L'ancien Premier ministre et ex-maire de Nantes Jean-Marc Ayrault avait conditionné le lancement des travaux à l'expiration des recours, un engagement réaffirmé par son successeur Manuel Valls le 28 octobre. Pour M. Bouchery, les travaux pourront commencer "dès début 2015", après l'examen des "recours sur la loi sur l'eau et les espèces protégées, jugés en février et mars prochain".

 

"La meilleure réponse aux problèmes du BTP, c'est le démarrage immédiat d'aménagement et de rénovation de Nantes-Atlantique" (l'aéroport actuel), dont les travaux pourraient démarrer rapidement, avec "150 emplois", a réagi Françoise Verchère, présidente du Collectif des élus doutant de la pertinence de l'aéroport (Cédpa).

 

Lettres de menaces à l'encontre des entreprises du BTP

 

Selon les principaux opposants à Notre-Dame-des-Landes, le Cédpa et l'Acipa, la construction du futur aéroport, créerait "750 emplois pendant quatre ans (...) à partir de 2018 au plus tôt", mais en "détruisant des emplois agricoles", estimés à "plus de 500", et "au prix de coûts écologiques, sociaux et d'argent public énormes", d'après un tract distribué aux abords du rassemblement.

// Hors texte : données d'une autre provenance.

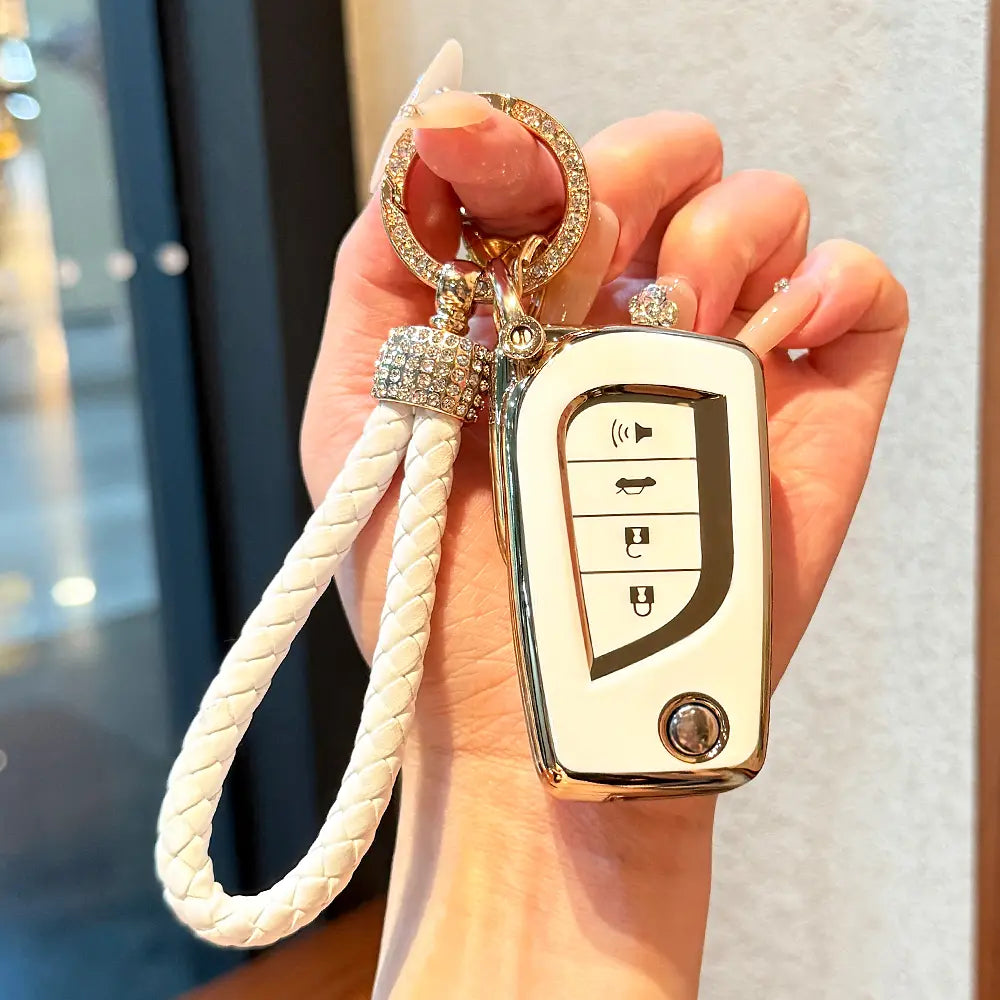 Flip Key Fob Cover for Toyota Fortuner Tundra Camry RAV4 Highlander Challenger, Soft TPU Car Key Shell Case with Keychain, 4 Button, Foldable type, keyless ejection type, and insertable start type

Ils viennent de déposer encore huit nouveaux recours contre le projet de nouvel aéroport.

 

"L'agrandissement de Nantes-Atlantique pour accueillir 9 millions de passagers est illusoire", a répondu le président de "Des ailes pour l'Ouest", Alain Mustière, martelant que le transfert de l'aéroport existant vers Notre-Dame-des-Landes, à une quinzaine de kilomètres au nord de la ville, est "nécessaire pour l'environnement, pour l'emploi et pour tout le Grand Ouest".

 

Il a par ailleurs dénoncé l'envoi de lettres de menaces aux entreprises susceptibles de répondre à un appel d'offres préalable au lancement des travaux, et promis de "porter plainte contre tous ceux qui s'opposeront à la loi et cautionneront les exactions contre nos entreprises", visant notamment les élus écologistes qu'il "accuse d'être complices des violences" et "la vitrine légale d'une arrière-boutique nauséabonde". "Ne laissons pas les délinquants, les décroissants (...) décider de notre avenir", a lancé M. Mustière, avant d'entonner une Marseillaise.